GIVEN DATA
□ □ □ □ □

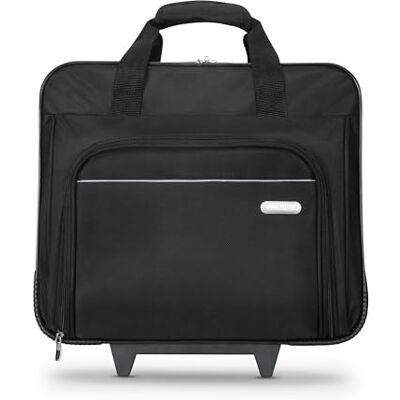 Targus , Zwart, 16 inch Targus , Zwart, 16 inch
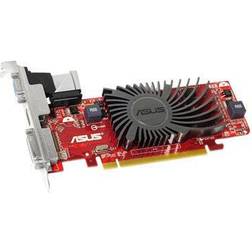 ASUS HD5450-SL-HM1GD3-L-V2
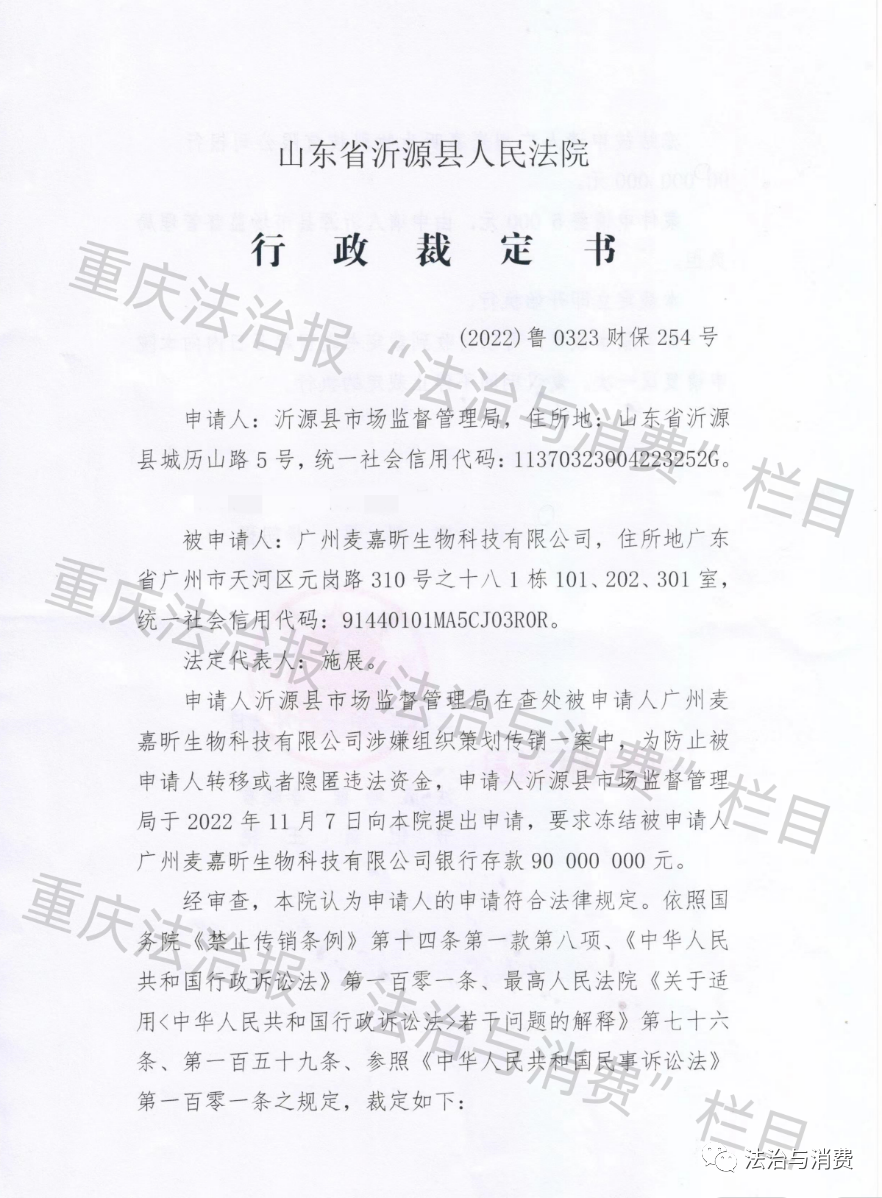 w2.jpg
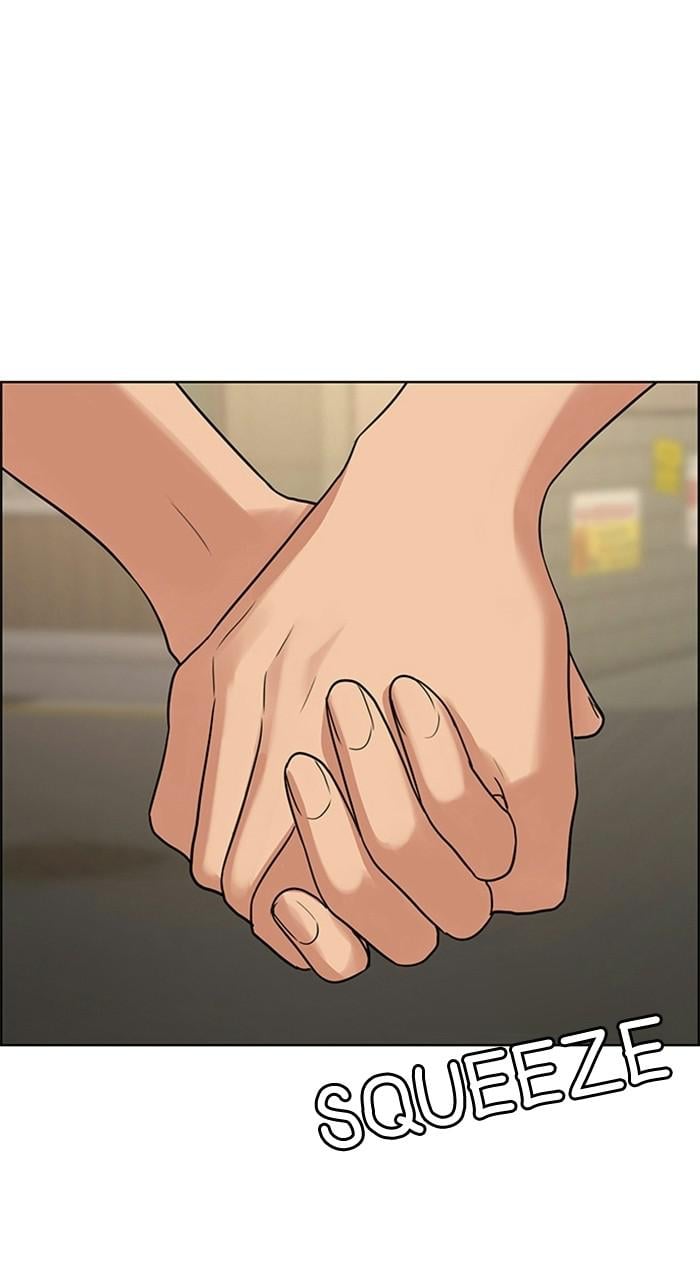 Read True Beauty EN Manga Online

□ □ □ □ □

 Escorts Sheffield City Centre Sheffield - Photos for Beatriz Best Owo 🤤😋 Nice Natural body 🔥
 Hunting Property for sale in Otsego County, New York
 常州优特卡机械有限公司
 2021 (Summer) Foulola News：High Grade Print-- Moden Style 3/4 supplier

□ □ □ □ □

WHAT IS BEING ASKED
Starting with the line above that holds "Targus , Zwart, 16 inch Targus", restate each line word for word up to and including the line that holds "Read True Beauty EN Manga Online". Drop the pictures.

ANSWER TO THIS PROBLEM
 Targus , Zwart, 16 inch Targus , Zwart, 16 inch
 ASUS HD5450-SL-HM1GD3-L-V2
 w2.jpg
 Read True Beauty EN Manga Online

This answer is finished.